### TASK PROMPT
The data below holds a line containing "Branded Delivery Boxes" and a line containing "IQWTU 75MM Furniture"; please quote exactly those two lines and every line between them, and nothing else.

### RECORDS PROVIDED

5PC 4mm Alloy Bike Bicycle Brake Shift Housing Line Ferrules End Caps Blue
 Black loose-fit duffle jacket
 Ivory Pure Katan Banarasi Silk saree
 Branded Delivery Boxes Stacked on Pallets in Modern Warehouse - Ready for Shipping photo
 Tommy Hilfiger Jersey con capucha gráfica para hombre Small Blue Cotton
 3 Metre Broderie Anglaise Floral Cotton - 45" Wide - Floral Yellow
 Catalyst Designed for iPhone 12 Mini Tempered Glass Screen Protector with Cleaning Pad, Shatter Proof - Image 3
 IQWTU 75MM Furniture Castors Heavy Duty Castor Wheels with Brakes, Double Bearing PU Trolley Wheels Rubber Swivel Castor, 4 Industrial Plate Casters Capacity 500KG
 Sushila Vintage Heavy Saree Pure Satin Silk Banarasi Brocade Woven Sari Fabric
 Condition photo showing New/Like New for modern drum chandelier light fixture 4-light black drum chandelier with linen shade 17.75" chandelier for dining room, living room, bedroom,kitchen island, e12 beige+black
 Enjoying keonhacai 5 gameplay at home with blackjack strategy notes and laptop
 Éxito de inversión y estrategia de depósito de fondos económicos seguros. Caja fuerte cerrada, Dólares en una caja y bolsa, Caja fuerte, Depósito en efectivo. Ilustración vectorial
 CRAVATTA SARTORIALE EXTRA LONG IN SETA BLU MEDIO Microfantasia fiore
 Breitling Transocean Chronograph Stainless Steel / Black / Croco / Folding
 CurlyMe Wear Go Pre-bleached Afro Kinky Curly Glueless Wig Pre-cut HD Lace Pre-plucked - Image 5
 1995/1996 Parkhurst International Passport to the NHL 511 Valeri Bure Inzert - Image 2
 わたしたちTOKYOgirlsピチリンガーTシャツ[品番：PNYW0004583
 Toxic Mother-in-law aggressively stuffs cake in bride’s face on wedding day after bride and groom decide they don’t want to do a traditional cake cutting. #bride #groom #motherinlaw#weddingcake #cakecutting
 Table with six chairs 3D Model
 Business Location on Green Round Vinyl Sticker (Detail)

### OUTPUT OF THE EXERCISE
 Branded Delivery Boxes Stacked on Pallets in Modern Warehouse - Ready for Shipping photo
 Tommy Hilfiger Jersey con capucha gráfica para hombre Small Blue Cotton
 3 Metre Broderie Anglaise Floral Cotton - 45" Wide - Floral Yellow
 Catalyst Designed for iPhone 12 Mini Tempered Glass Screen Protector with Cleaning Pad, Shatter Proof - Image 3
 IQWTU 75MM Furniture Castors Heavy Duty Castor Wheels with Brakes, Double Bearing PU Trolley Wheels Rubber Swivel Castor, 4 Industrial Plate Casters Capacity 500KG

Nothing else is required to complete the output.